# How to tell if a central element in a molecule needs to form hybridized orbitals?

Feb 18, 2016

Simply put, if a central atom has to bond to more than one outer atom, especially if more than one outer atom is different, it has to hybridize.

Diatomic molecules will always point compatible $\sigma$ bonding orbital lobes along the internuclear axis, and be able to pair compatible orbitals, so there is no hybridization in molecules like $\text{HCl}$, ${\text{NO}}^{+}$, ${\text{Cl}}_{2}$, etc.

An easy way to tell when an atom has to hybridize is to count the number of surrounding atoms. I've listed examples below. Essentially:

• Octahedral electron geometry? $s {p}^{3} {d}^{2}$
• Trigonal bipyramidal electron geometry? $s {p}^{3} d$
• Tetrahedral electron geometry? $s {p}^{3}$
• Trigonal planar electron geometry? $s {p}^{2}$
• Linear polyatomic electron geometry? $s p$

HYBRIDIZATION IN WATER

Oxygen in $\text{H"_2"O}$ has to contribute four $s {p}^{3}$-hybridized atomic orbitals to bond because:

1. It is bonding to more than one hydrogen. That tells you that hybridization can occur.
2. It is bonding in a non-horizontal direction to at least one hydrogen. That tells you that hybridization should occur to orient all the orbitals correctly.
3. It is bonding identically to each hydrogen. That tells you that hybridization has occurred to make the orbitals compatible.

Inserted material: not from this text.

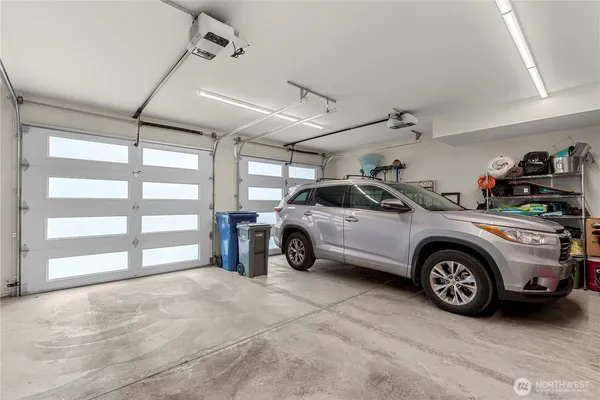 a view of a car in a garage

It is $s {p}^{3}$ because four electron groups are surrounding oxygen: two bonding to one hydrogen each, and two lone pairs not bonding at all.

Oxygen had to hybridize one $2 s$ and three $2 p$ orbitals together to generate four diagonal-oriented orbitals in three dimensions ($x , y , z$). Two of them could be used, but are not being used.

HYBRIDIZATION IN BH3

Boron in ${\text{BH}}_{3}$ has to contribute three $s {p}^{2}$-hybridized atomic orbitals to bond because:

1. It is bonding to more than one hydrogen. That tells you that hybridization can occur.
2. It is bonding in a non-horizontal direction to at least one hydrogen. That tells you that hybridization should occur to orient all the orbitals correctly.
3. It is bonding identically to each hydrogen. That tells you that hybridization has occurred to make the orbitals compatible.

It is $s {p}^{2}$ because three electron groups are surrounding boron: three bonding to one hydrogen each, and one empty ${p}_{z}$ orbital from boron that isn't compatible with hydrogen's $1 s$ atomic orbital. It isn't using that one to bond at the moment.

Boron had to hybridize one $2 s$ and two $2 p$ orbitals together to generate three diagonal-oriented orbitals in two dimensions ($x , y$).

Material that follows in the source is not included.